**Brief:** Copy out the data exactly as it appears, without a single image.

**Dataset excerpt:**
>>>

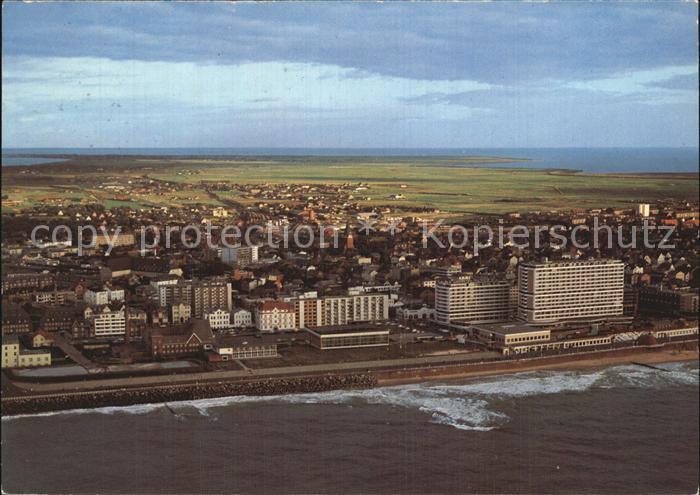 Westerland Sylt Nordseebad Abendstimmung Fliegeraufnahme
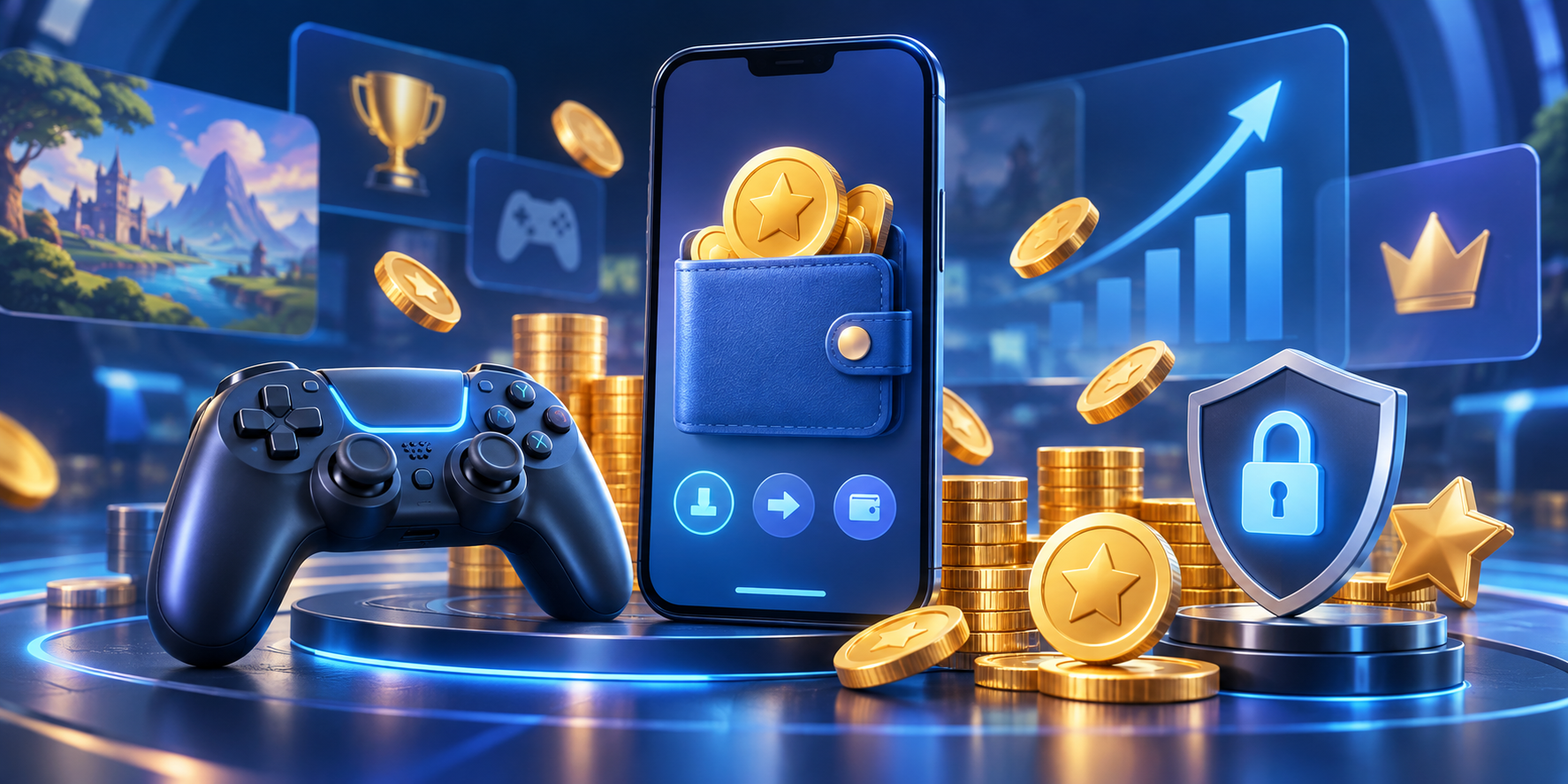 Игры с выводом денег: игровой контроллер, цифровой кошелек и награды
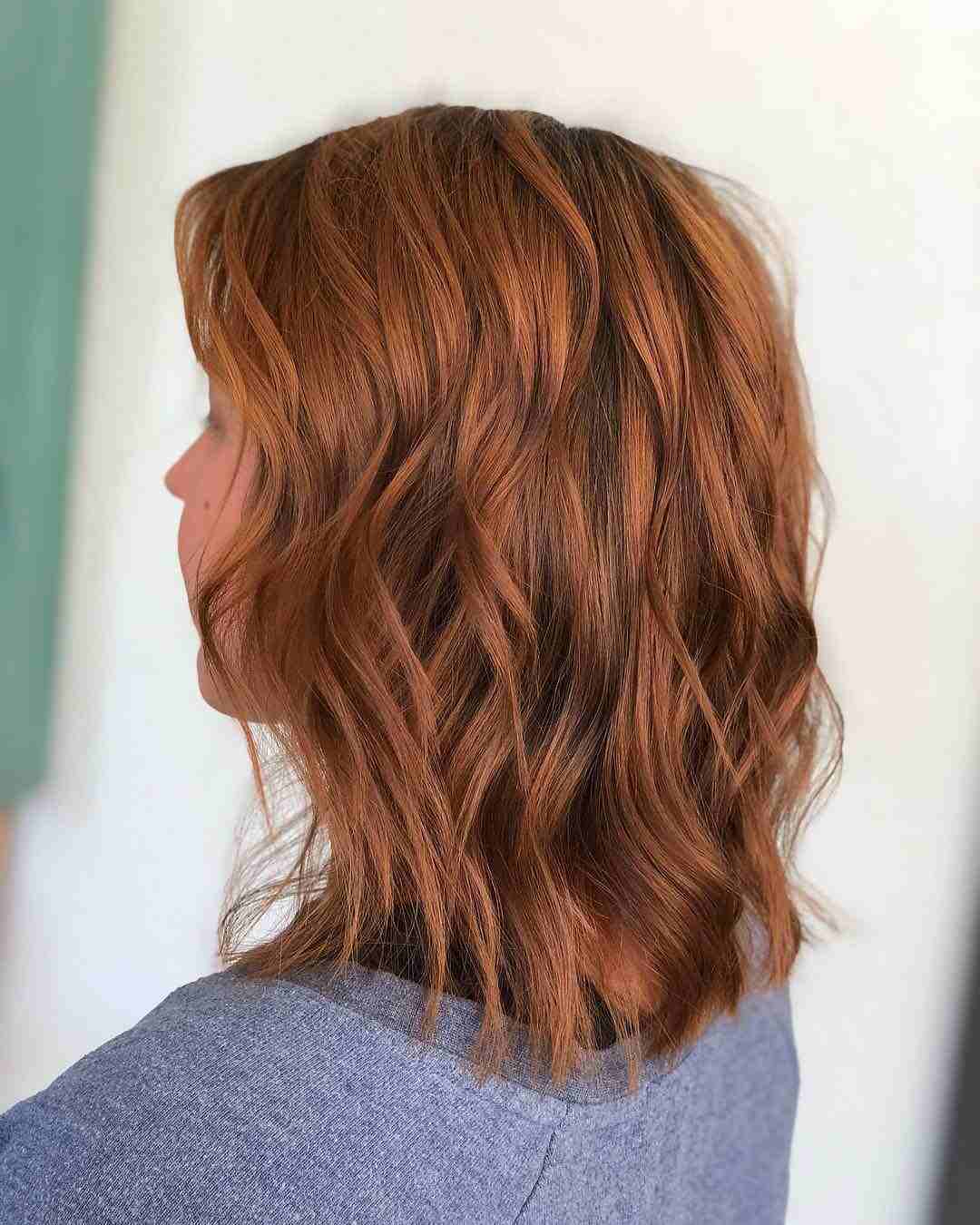 Copper Hair Color Hair Trends Medium Long Hair Care Tips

<<<

**Response area:**
 Westerland Sylt Nordseebad Abendstimmung Fliegeraufnahme
 Игры с выводом денег: игровой контроллер, цифровой кошелек и награды
 Copper Hair Color Hair Trends Medium Long Hair Care Tips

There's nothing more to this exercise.